More affordable housing in the works

March 7, 2013 

With affordable housing in short supply, the Canyon Creek development in Calabasas helps meet a growing need.

In a compromise intended to bolster the county’s supply of affordable housing even in times of budget uncertainty, the Board of Supervisors this week unanimously voted to set aside $15 million to build low- and moderate-income units.

At least half of the money will go to housing for the homeless and people with special needs.

Affordable housing projects across the county have been in limbo since the state moved to dissolve local redevelopment agencies last year. Since then, L.A. County has received some $75 million in unused affordable housing funds from the dissolution of the agencies.

A motion by Supervisors Gloria Molina and Mark Ridley-Thomas initially proposed that the entire $75 million be placed in an affordable housing trust fund to be used to fund projects over the next five years.

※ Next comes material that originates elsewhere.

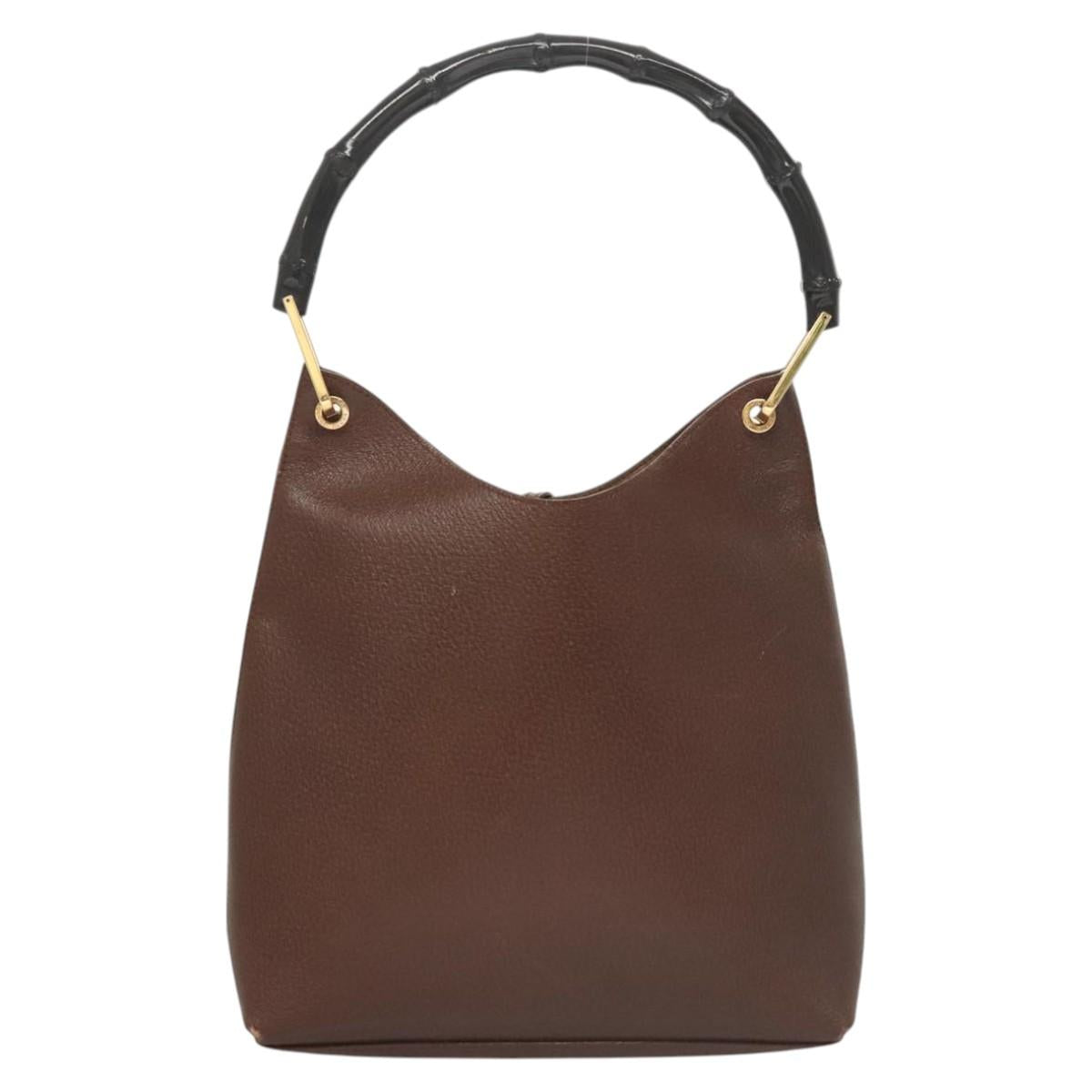 GUCCI Bamboo Shoulder Bag Leather Brown Gold 001 1880 Auth am8464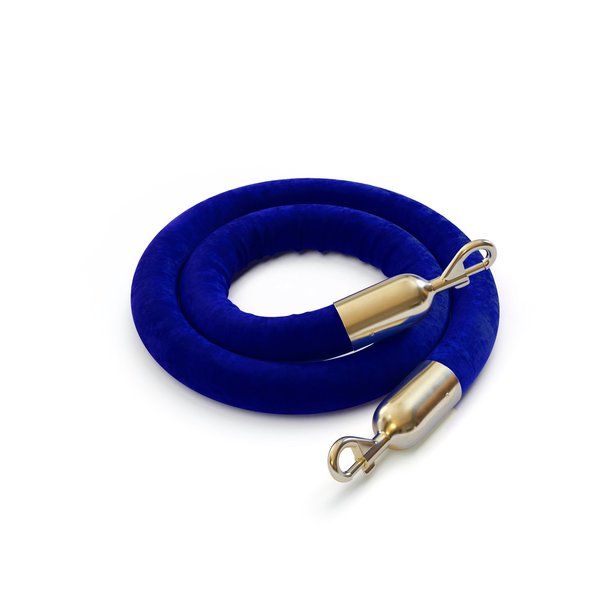Montour Line Velvet Rope Blue With Pol.Brass Snap Ends 6ft.Cotton Core HDVL510Rope-60-BL-SE-PB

However, with looming uncertainty about coming demands on the county’s 2013-14 budget, Supervisor Zev Yaroslavsky offered a substitute motion to allocate $15 million now and decide what to do with the rest of the funds during the upcoming budget process. He said he supports devoting the funds to affordable housing in future years if the budget allows for it. The board approved the motion 5-0.

Before the vote, the board heard from a series of affordable housing advocates.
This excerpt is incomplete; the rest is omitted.